I wouldn’t frame it as an issue around adopting new things. Some don’t care, some go with the flow, and some prefer to make active choices about these kinds of things.

I am very intentional and active when it comes to what has push notification privileges. I factor that into my app use consideration. I have multiple email accounts in two different email apps, each that send me notifications. I have Signal, Discord, iMessages and SMS. I have a few Google chat apps. I used to have WhatsApp and Wickr and Telegram. I have Skype, Teams, and two Mattermost servers.

It’s exhausting to constantly switch between these, so over the course of a few years I’ve been very clear in where people can expect to reach me reliably. If you need or want to chat with me on Discord, Skype, or Google whatever you need to send me an iMessage, SMS, Mattermost, or Signal message. Sending me a message anywhere else will get you a response only the next time I open that app. That only happens when someone specifically asks.

I’m OK with having 63847394038 chat and video calling apps, but I’m not OK with being instantaneously notified by an infinity such apps. I can’t be that available.

Yeah, I can understand that; but I've brought over various older family members, and non-tech friends (as in people that wouldn't have ever heard the words Discord or Telegram before in their lives) to Signal.
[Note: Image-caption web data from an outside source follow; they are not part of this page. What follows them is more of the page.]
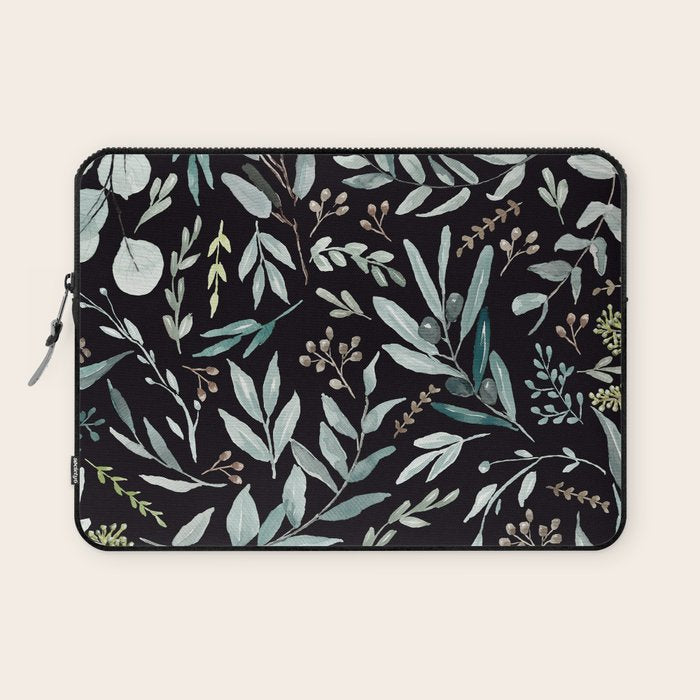 Black Eucalyptus Leaves Pattern Laptop Sleeve Gallery Image 1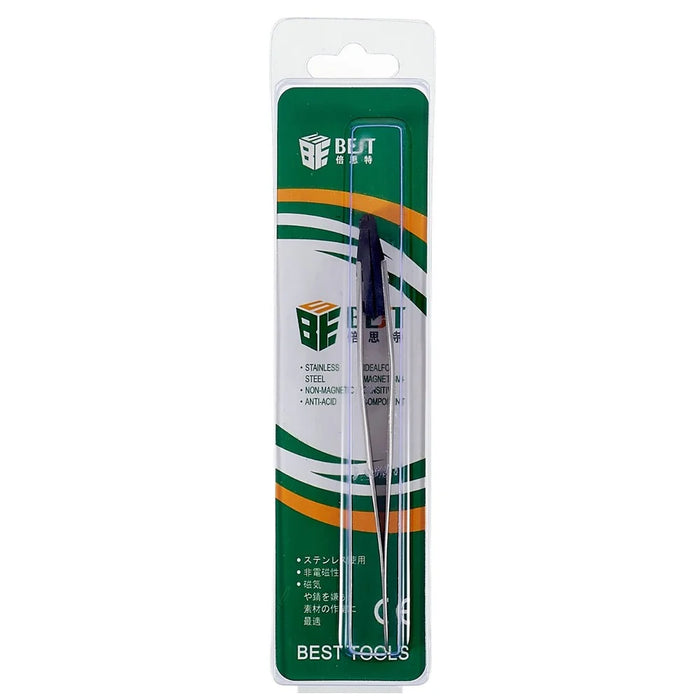 BEST BST-250 Anti-Static Tweezers PPS Coated Flat Tip Tweezers Support Replace Head for Mobile Phone Tablets Maintenance - 5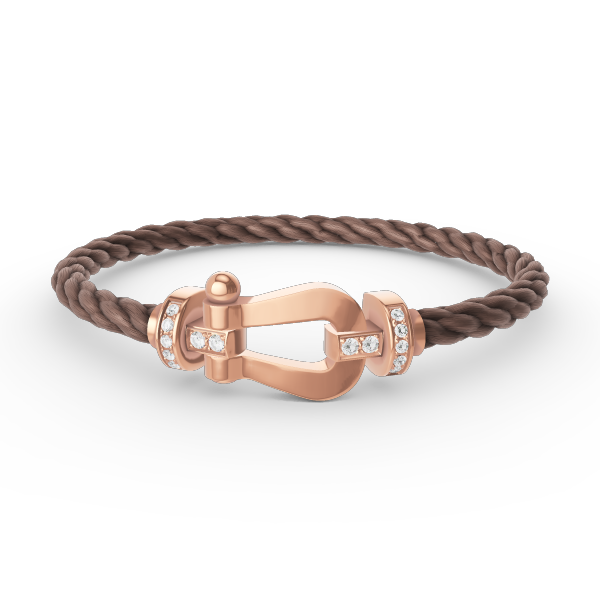 GlowFORCE LARGE HORSESHOE HALF DIAMOND BRACELET ROSE GOLD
That's who this will impact most.
And while older generations might be less willing to use a high number of apps side by side, having one kind of message in one app and the other kind of message in the other app is still much less confusing to them than dealing with the subtleties of multiprotocol if everything is forced through the single one-size-fits-all interface of a messenger that tries to do SMS on the side.
That is exactly how iMessage works and the "older generations" seem to have no problem with that.